Mediums (highlights)
- Server: unify GatewaySession state-lock discipline (-015) and
  make DisposeAsync race-safe against in-flight CloseAsync (-016);
  add constraint-enforcement test coverage for the bulk-plan path
  (-021).
- Worker: introduce StaRuntimeShutdownException so RunAlarmPollLoop
  can distinguish graceful shutdown from a real STA-affinity
  violation (-016); have the watchdog skip StaHung while
  CurrentCommandCorrelationId is non-empty so a legitimate slow
  ReadBulk no longer self-faults (-017).
- Tests: add per-method round-trip + cancellation coverage for the
  11 GatewaySession bulk methods (-013); replace the real TCP probe
  in GalaxyHierarchyCacheTests with an IGalaxyRepository fake
  (-016).
- IntegrationTests: drive the StreamEvents writer in the live Write
  test and assert OnWriteComplete (-012); add live tests for
  Unadvise/RemoveItem/Unregister ordering, WriteSecured, and
  abnormal worker exit (-014).
- Worker.Tests: replace MxAccessSession reflection with an internal
  CreateForTesting factory (-016); cover WorkerCancel and
  unexpected-body envelope branches (-017).

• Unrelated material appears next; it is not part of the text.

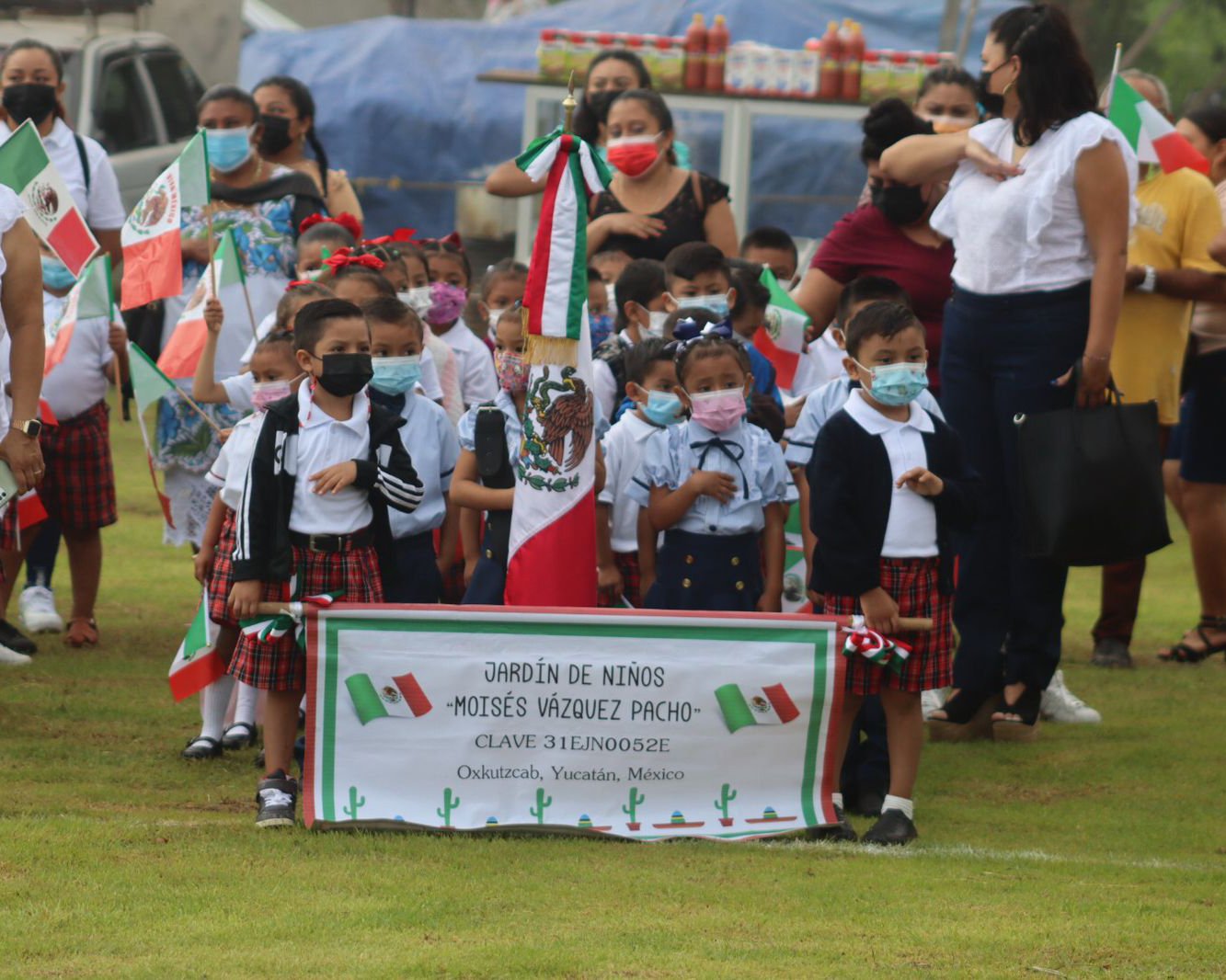 Escuelas de Oxkutzcab, desfilan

- Client.Java: cancel MxEventStream when close() races
  beforeStart() (-014); return a CancellingCompletableFuture that
  actually forwards cancellation through .thenApply chains (-015).
- Client.Python: drop the silent localhost-plaintext downgrade in
  the CLI; require explicit --plaintext (-013).

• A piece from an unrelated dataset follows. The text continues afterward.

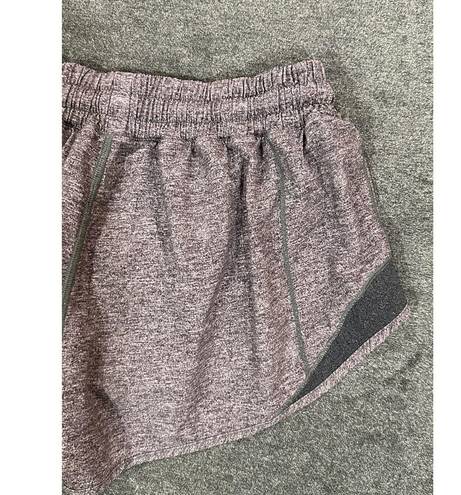 Lululemon  Gray Hotty Hot Shorts, 2.5" Heather Lux Multi Black Size 6 EUC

- Client.Rust: stop bench-read-bulk from polluting success-latency
  histograms with failed-call durations (-015); add coverage for
  the five MalformedReply paths, the bulk-write helpers, the
  Error::Unavailable mapping, and the unary-fault path (-016).

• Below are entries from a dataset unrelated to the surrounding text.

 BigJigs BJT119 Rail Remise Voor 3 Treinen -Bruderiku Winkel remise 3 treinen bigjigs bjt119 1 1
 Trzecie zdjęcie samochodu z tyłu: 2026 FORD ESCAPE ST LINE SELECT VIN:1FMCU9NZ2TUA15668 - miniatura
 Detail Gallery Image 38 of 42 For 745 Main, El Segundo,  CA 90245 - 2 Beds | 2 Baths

- Contracts: extend docs/Contracts.md with the bulk read/write
  command family (-009).

Lows (highlights)
- Server: cap GalaxyGlobMatcher.RegexCache; align
  WorkerAlarmRpcDispatcher missing-session handling; drop the
  duplicate dashboard @page routes; refresh IAlarmRpcDispatcher
  XML doc.
- Worker: surface SetXmlAlarmQuery COM failures; remove dead
  subscriptionExpression / ExecutingCommand arms; preserve
  factory-supplied runtime sessions; split MxAlarmSnapshot.cs into
  three files.
- Tests: dispose the WebApplication in seven test classes; rebuild
  FakeWorkerProcess.WaitForExitAsync against a real TaskCompletion
  source; switch the heartbeat-expires test to ManualTimeProvider;
  add InvariantCulture to the remaining DateTimeOffset.Parse sites;
  document GalaxyFilterInputSafetyTests in GatewayTesting.md.
- IntegrationTests: comment fixes, RecordingServerStreamWriter
  IDisposable, class-level [Trait], single-source ZB default
  connection string.
- Worker.Tests: replace silent-return gating with LiveMxAccessFact
  so absent env vars SKIP not pass; PascalCase rename of probe
  [Fact]s; deterministic deadline test; new frame-protocol error
  tests; ComputeTransitions diff-coverage; relocate dev-rig probes
  to Probes/.
- Contracts: add round-trip coverage and per-field redaction /
  Galaxy-identifier comments to the protos.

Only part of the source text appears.